— Problem —
Taking the data below, please print only the lines from the line holding "Plain Brown Fish" to the line holding "Cassime Orange String", inclusive, with pictures omitted.
--- Dataset records Enclosed Below ---
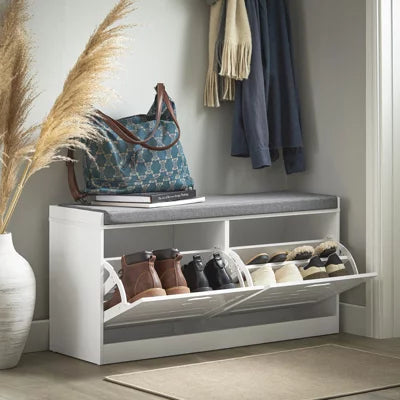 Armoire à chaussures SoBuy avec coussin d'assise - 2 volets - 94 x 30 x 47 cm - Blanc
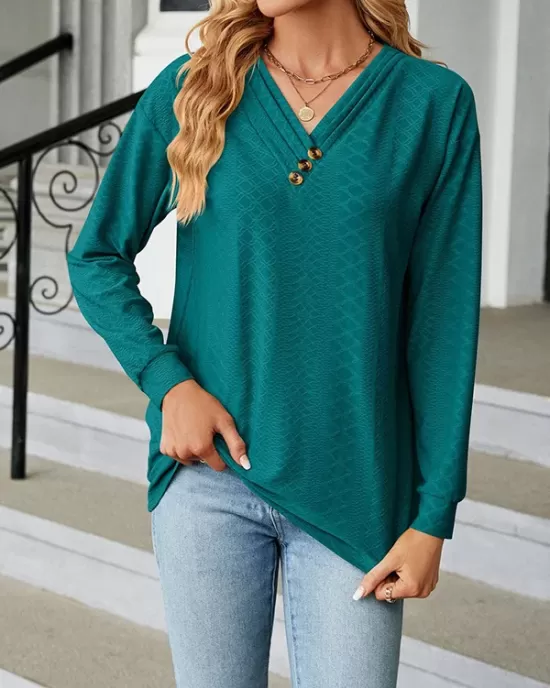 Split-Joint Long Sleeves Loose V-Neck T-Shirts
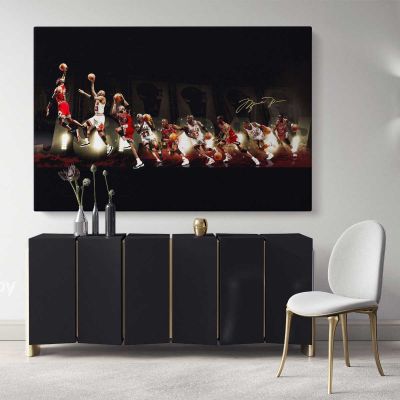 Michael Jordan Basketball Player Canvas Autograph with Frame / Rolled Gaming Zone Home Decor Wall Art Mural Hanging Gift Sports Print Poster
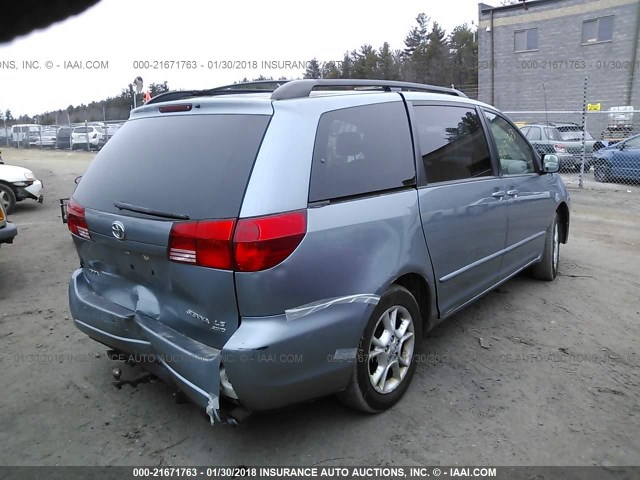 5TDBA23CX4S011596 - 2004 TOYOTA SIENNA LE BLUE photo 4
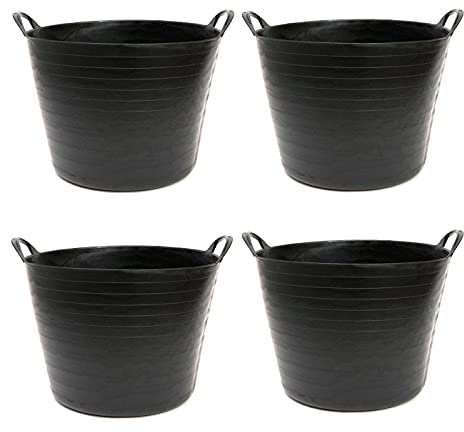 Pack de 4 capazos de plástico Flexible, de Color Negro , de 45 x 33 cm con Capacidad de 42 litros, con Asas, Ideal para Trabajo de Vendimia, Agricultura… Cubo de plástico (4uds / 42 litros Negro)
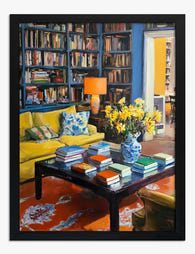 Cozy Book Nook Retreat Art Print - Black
--- End of Enclosed Dataset records ---
--- Dataset records Enclosed Below ---
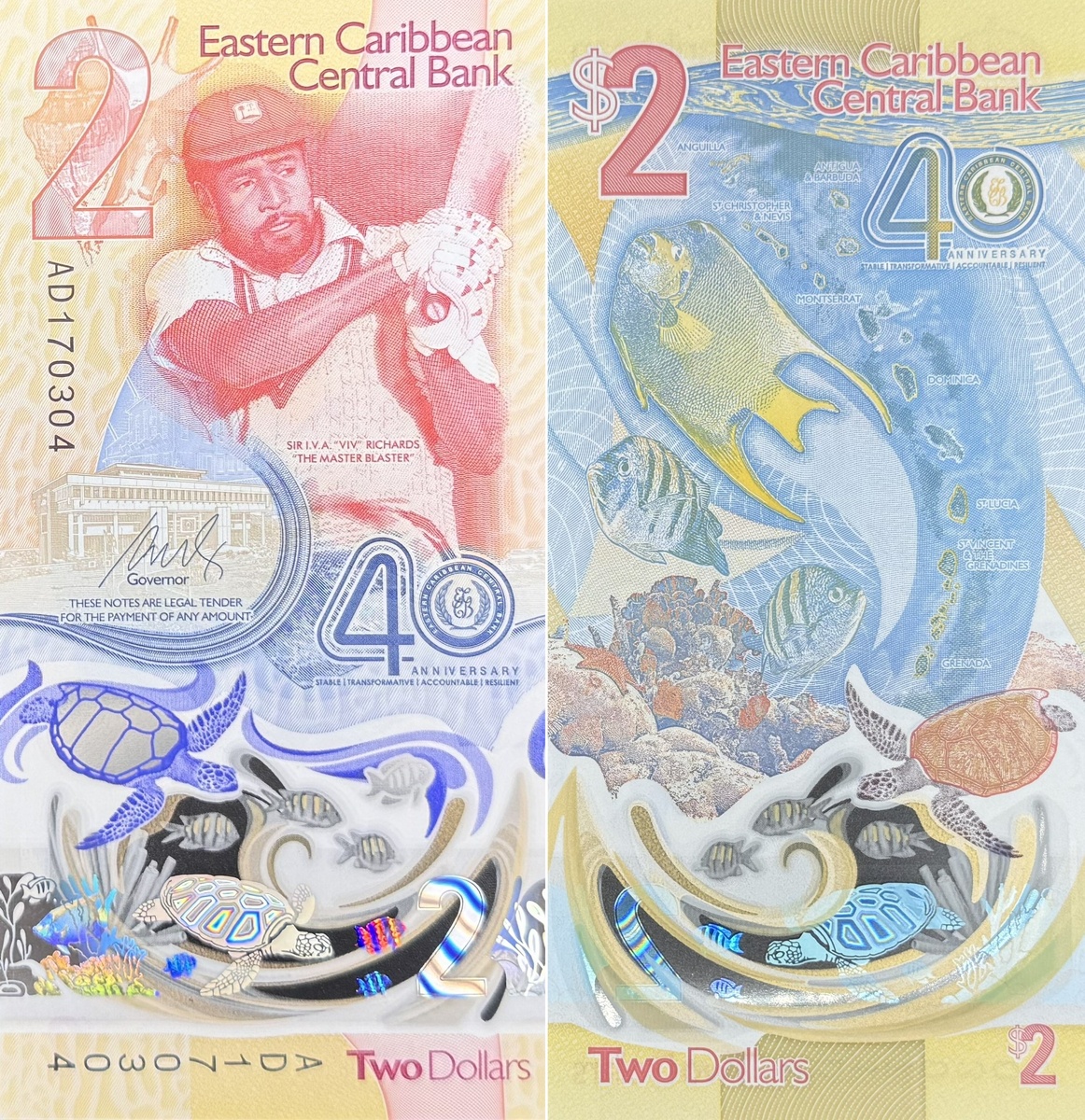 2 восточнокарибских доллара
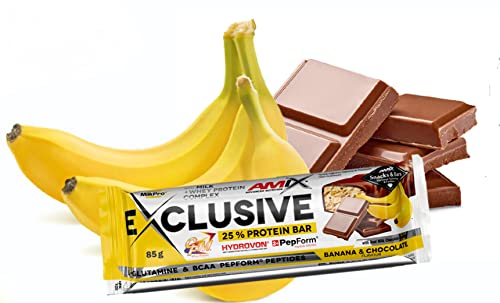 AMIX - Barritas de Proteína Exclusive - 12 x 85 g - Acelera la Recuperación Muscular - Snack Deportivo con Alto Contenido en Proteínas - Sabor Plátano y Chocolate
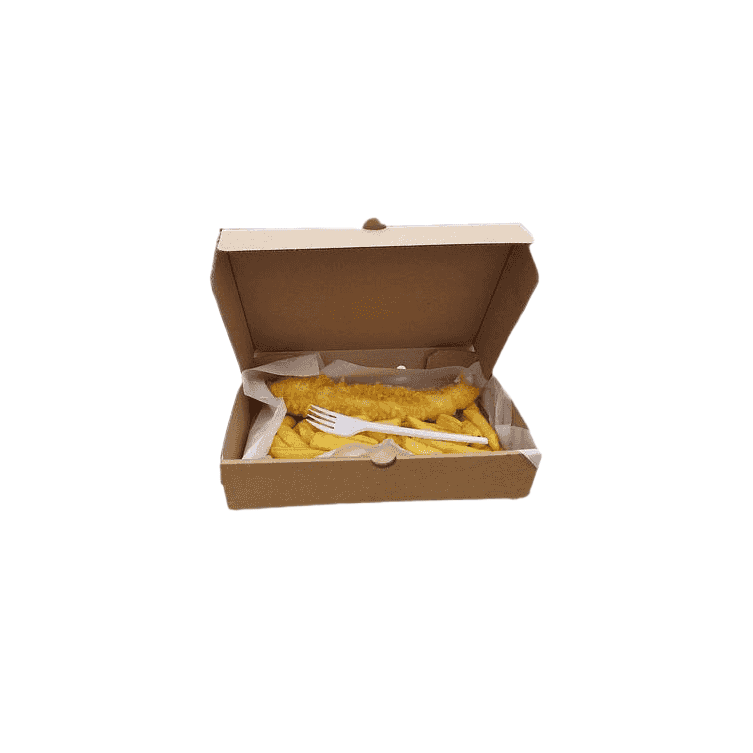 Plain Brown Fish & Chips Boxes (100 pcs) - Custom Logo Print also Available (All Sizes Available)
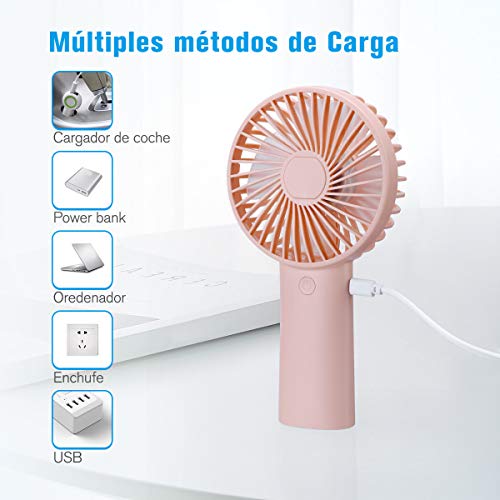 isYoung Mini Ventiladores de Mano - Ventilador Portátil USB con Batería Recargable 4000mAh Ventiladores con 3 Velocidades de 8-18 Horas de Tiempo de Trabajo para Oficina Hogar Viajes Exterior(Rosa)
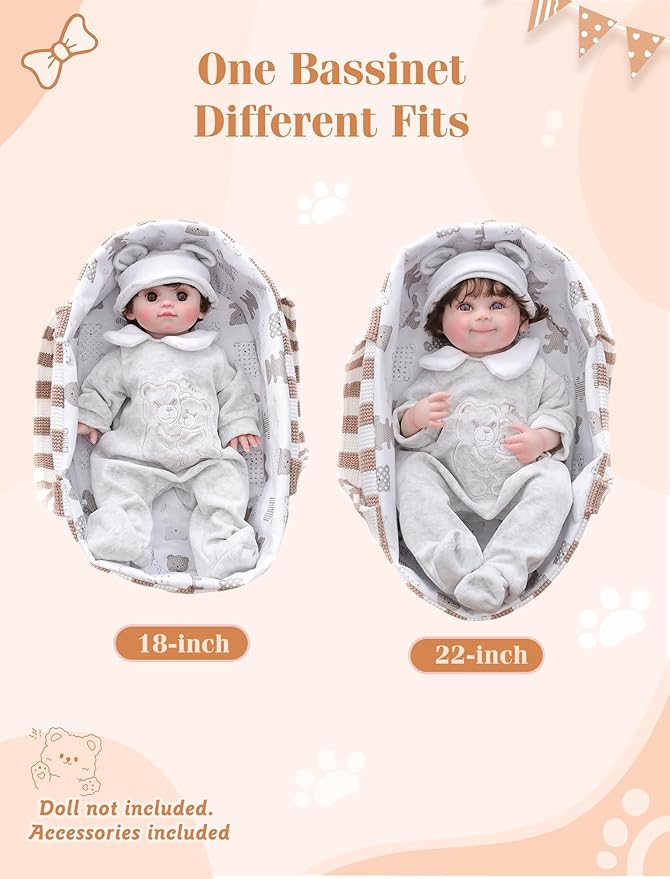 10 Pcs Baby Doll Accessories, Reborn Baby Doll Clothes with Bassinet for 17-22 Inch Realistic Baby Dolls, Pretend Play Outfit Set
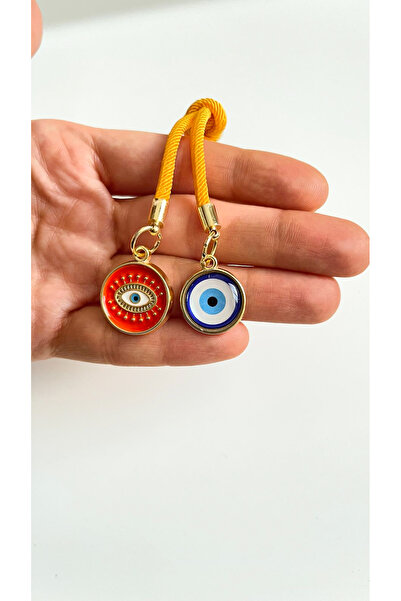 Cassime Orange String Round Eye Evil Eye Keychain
--- End of Enclosed Dataset records ---
--- Dataset records Enclosed Below ---
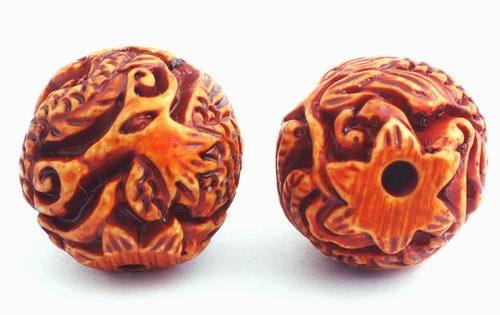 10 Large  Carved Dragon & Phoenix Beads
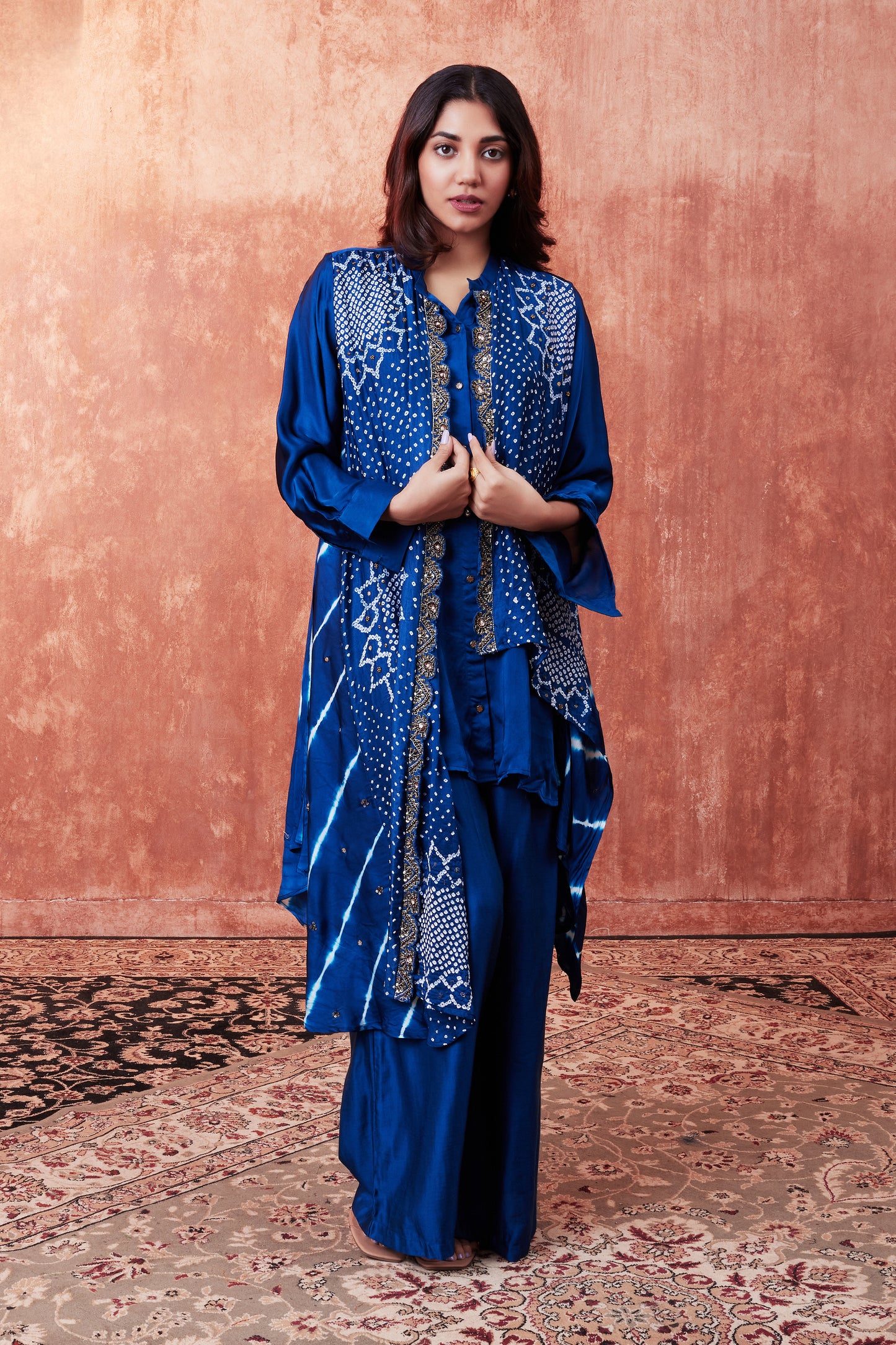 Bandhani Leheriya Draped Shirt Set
--- End of Enclosed Dataset records ---
— Reply —
 Plain Brown Fish & Chips Boxes (100 pcs) - Custom Logo Print also Available (All Sizes Available)
 isYoung Mini Ventiladores de Mano - Ventilador Portátil USB con Batería Recargable 4000mAh Ventiladores con 3 Velocidades de 8-18 Horas de Tiempo de Trabajo para Oficina Hogar Viajes Exterior(Rosa)
 10 Pcs Baby Doll Accessories, Reborn Baby Doll Clothes with Bassinet for 17-22 Inch Realistic Baby Dolls, Pretend Play Outfit Set
 Cassime Orange String Round Eye Evil Eye Keychain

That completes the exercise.